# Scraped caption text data
[Start of Attachment]
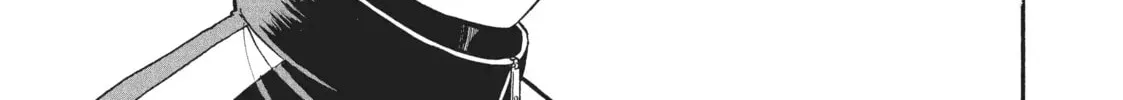 Read Daemons of the Shadow EN Manga Online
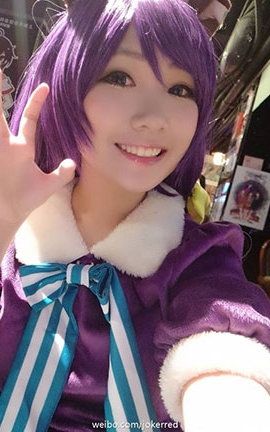 精心整理微博萝莉万张写真大合集-102_丽丝库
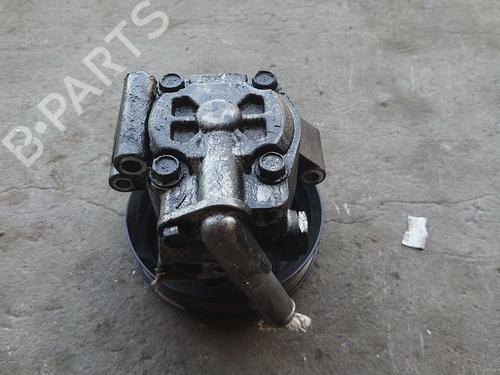 Used Steering pump Steering pump 38225244 38225244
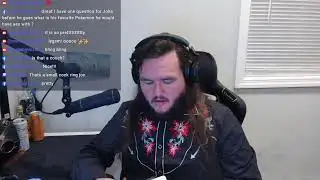 The Jon Breaks Bad News Show Ep 215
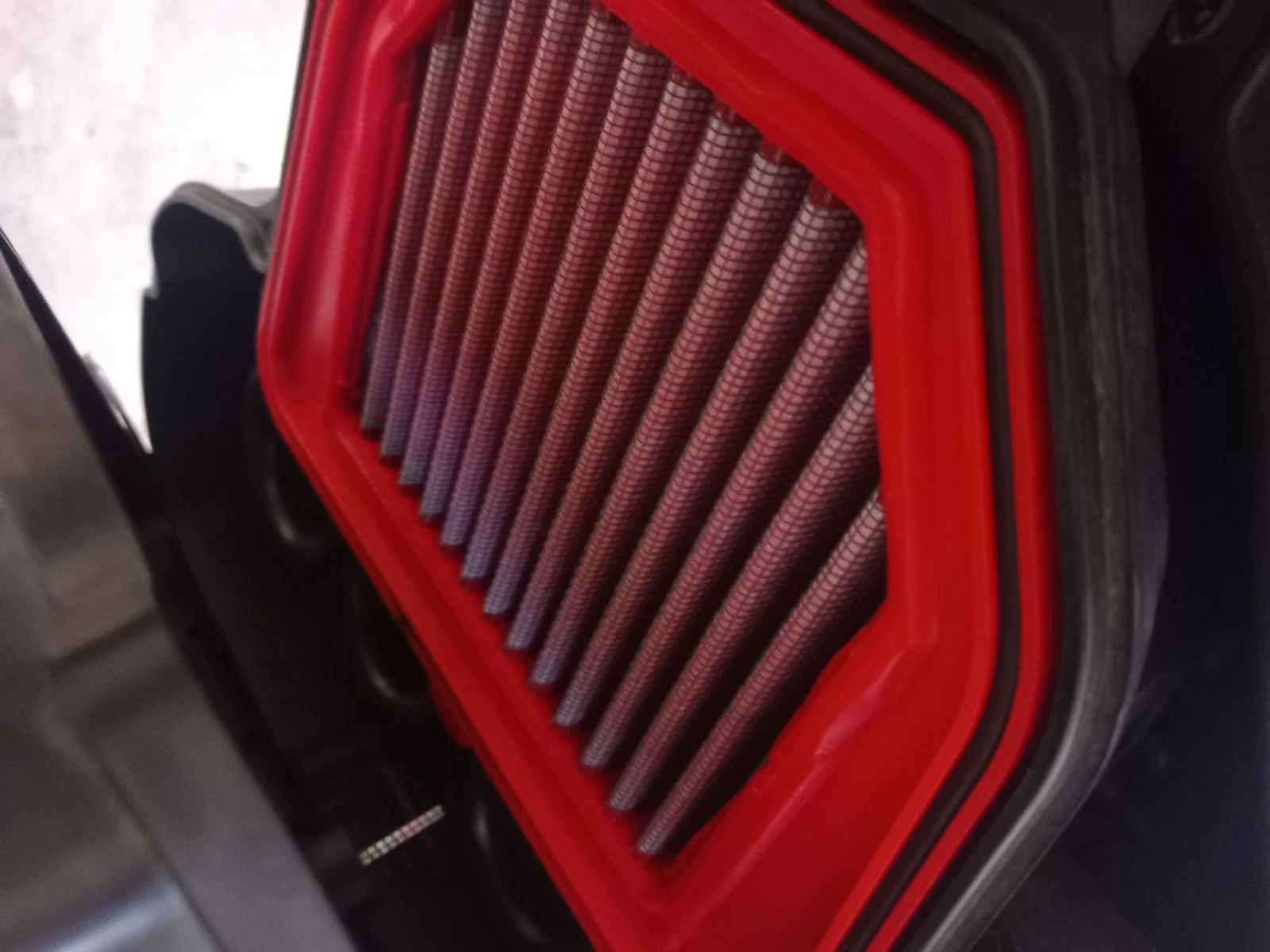 Yamaha FZ1 ������ | Mobile.bg � ����������� 13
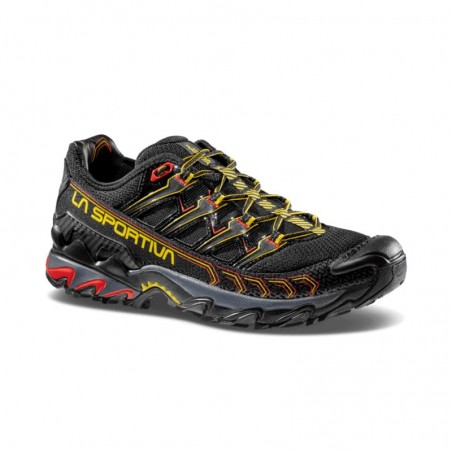 Chaussures de randonnée La Sportiva Ultra Raptor II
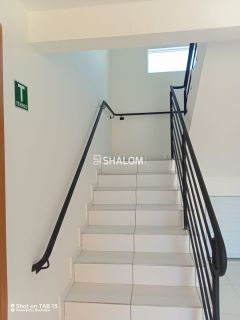 RESIDENCIAL DIONÍSIO ALEIXO 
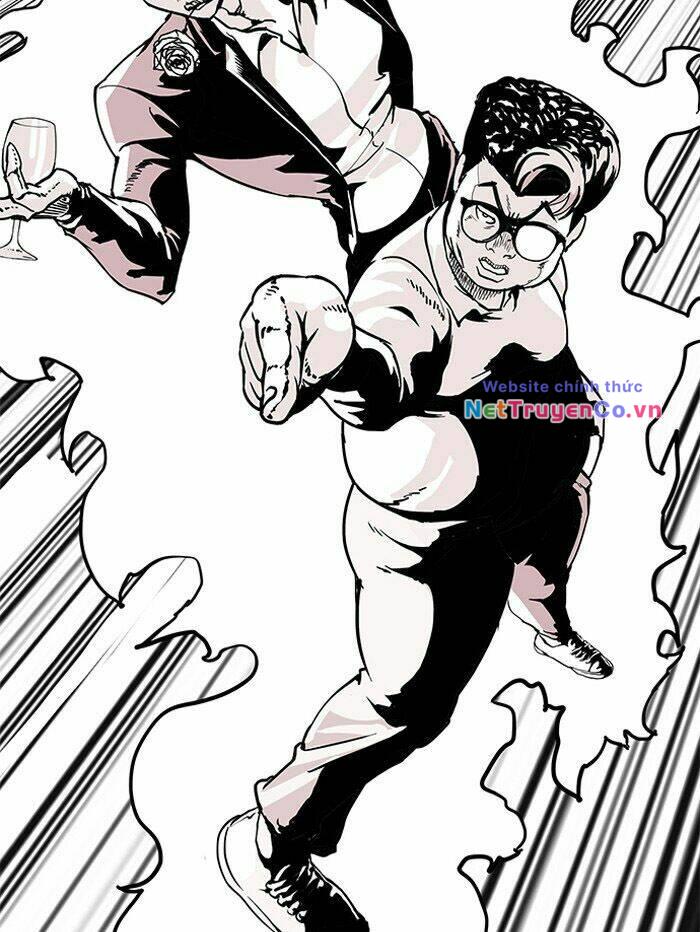 Chapter 155 - Trang 62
[End of Attachment]
# What this task involves
The entries above, every one of them, should be retyped exactly, with no pictures carried over.

# The answer
 Read Daemons of the Shadow EN Manga Online
 精心整理微博萝莉万张写真大合集-102_丽丝库
 Used Steering pump Steering pump 38225244 38225244
 The Jon Breaks Bad News Show Ep 215
 Yamaha FZ1 ������ | Mobile.bg � ����������� 13
 Chaussures de randonnée La Sportiva Ultra Raptor II
 RESIDENCIAL DIONÍSIO ALEIXO 
 Chapter 155 - Trang 62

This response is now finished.